**REQUIREMENT**:
Exact copy, no pictures: return only the lines below from the line with "Scrooge still 4" up to and including the line with "4 Radford Court, Simpsonville, SC 29680".

**INFORMATION PROVIDED**:
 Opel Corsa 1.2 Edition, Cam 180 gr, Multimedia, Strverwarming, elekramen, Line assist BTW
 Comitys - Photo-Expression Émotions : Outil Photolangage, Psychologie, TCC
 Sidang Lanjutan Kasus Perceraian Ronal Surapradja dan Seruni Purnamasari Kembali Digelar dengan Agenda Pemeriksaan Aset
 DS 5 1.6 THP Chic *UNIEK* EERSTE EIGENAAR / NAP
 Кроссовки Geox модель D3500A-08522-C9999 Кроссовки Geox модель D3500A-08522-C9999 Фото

---

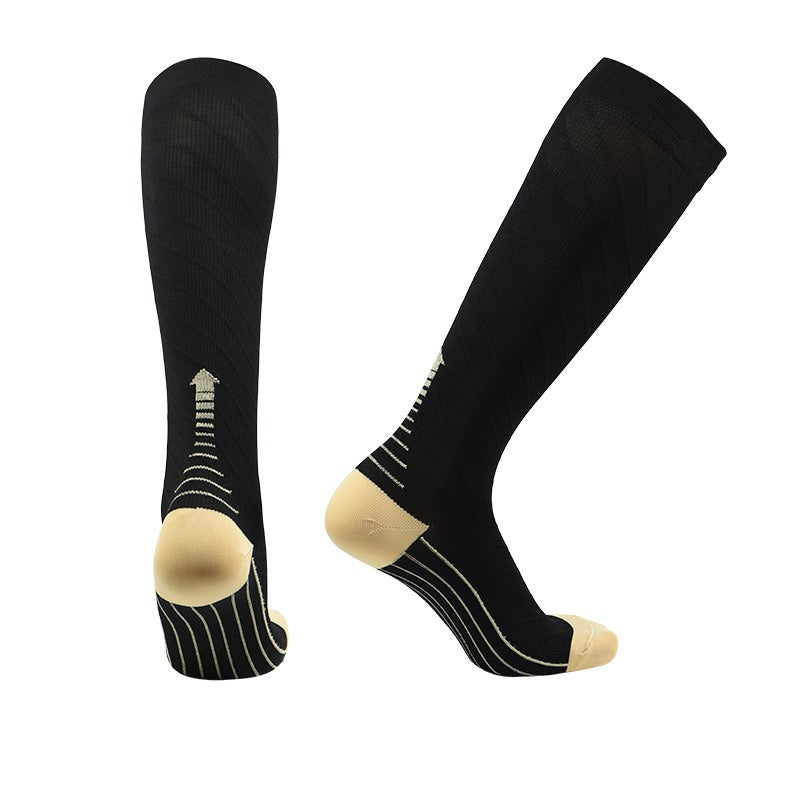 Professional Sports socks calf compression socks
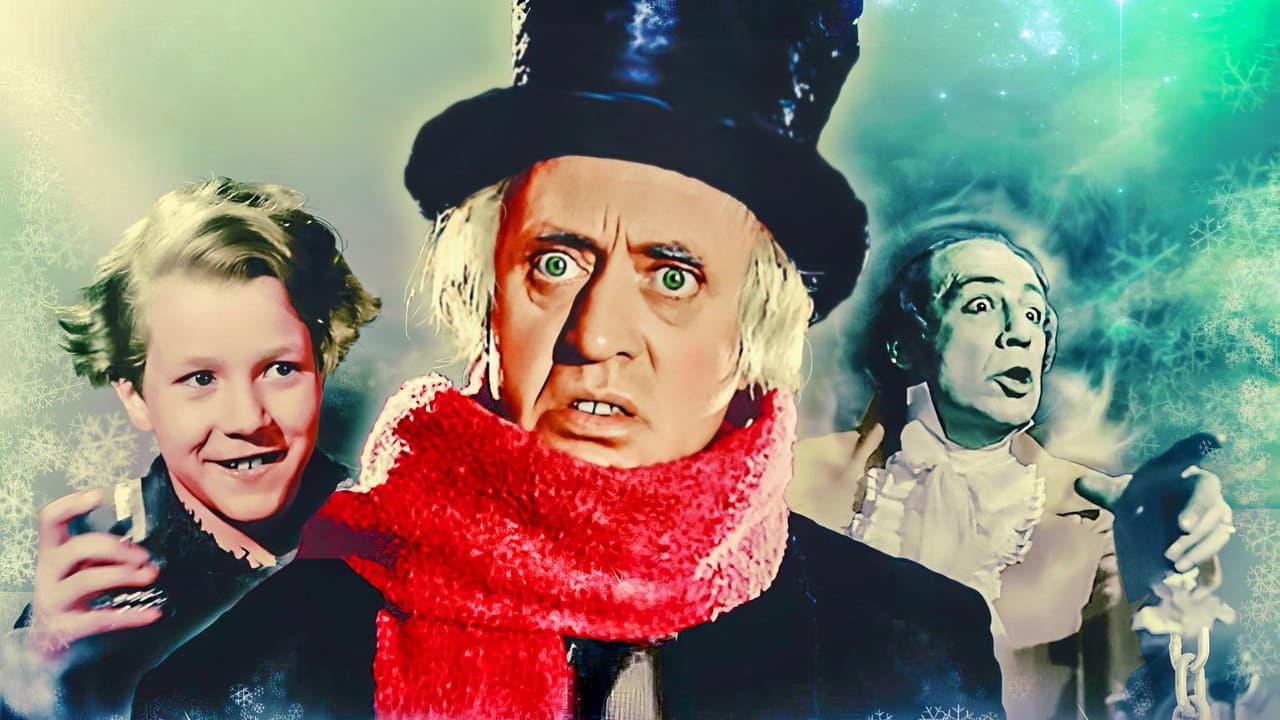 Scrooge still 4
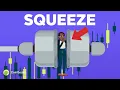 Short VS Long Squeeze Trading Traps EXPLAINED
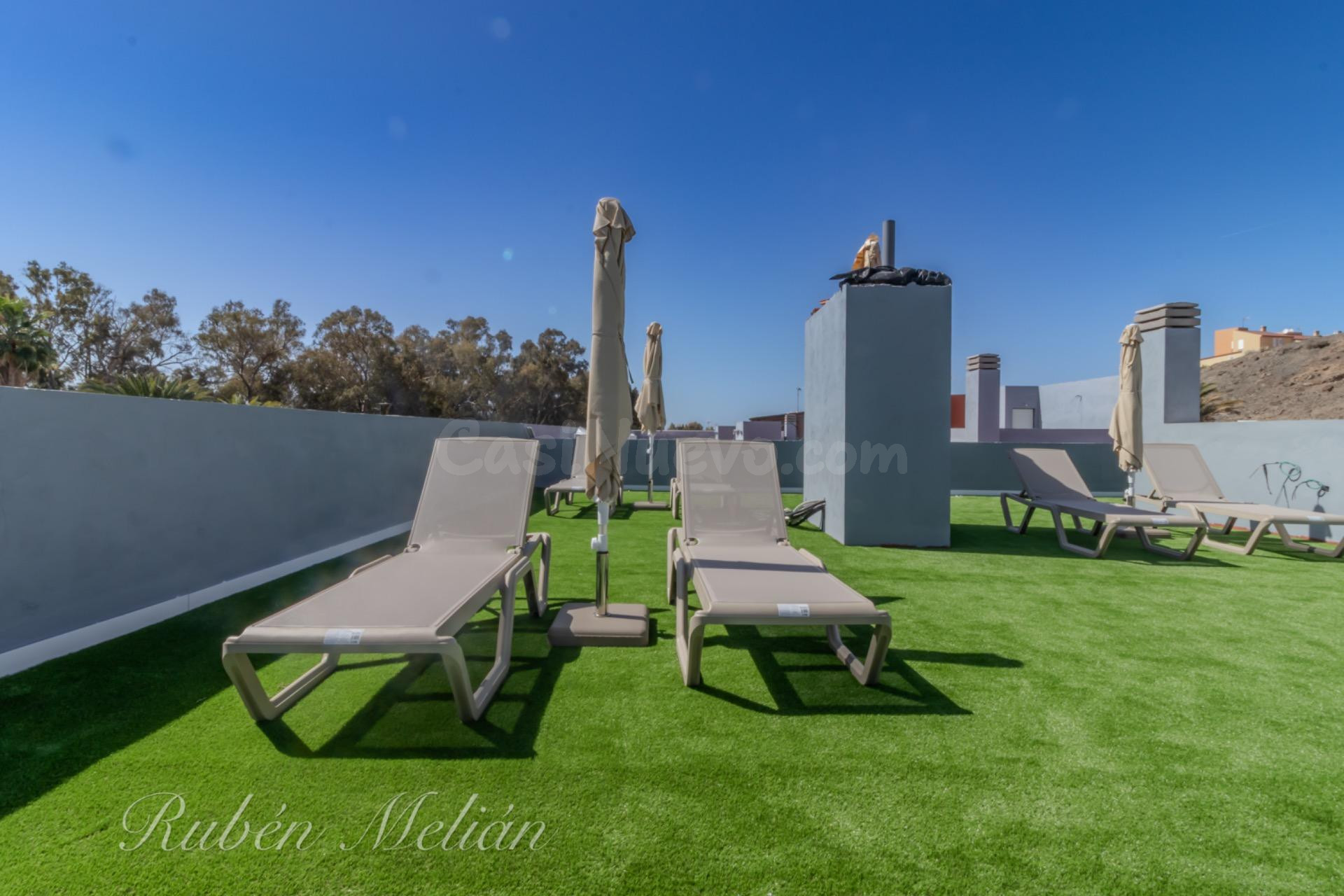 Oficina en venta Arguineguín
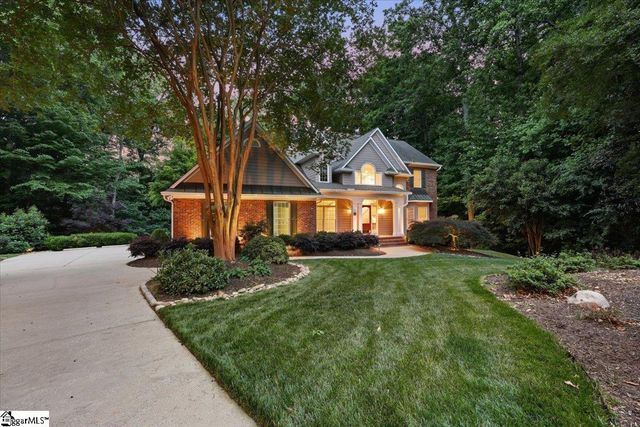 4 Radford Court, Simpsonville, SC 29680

**ANSWER SPACE**:
 Scrooge still 4
 Short VS Long Squeeze Trading Traps EXPLAINED
 Oficina en venta Arguineguín
 4 Radford Court, Simpsonville, SC 29680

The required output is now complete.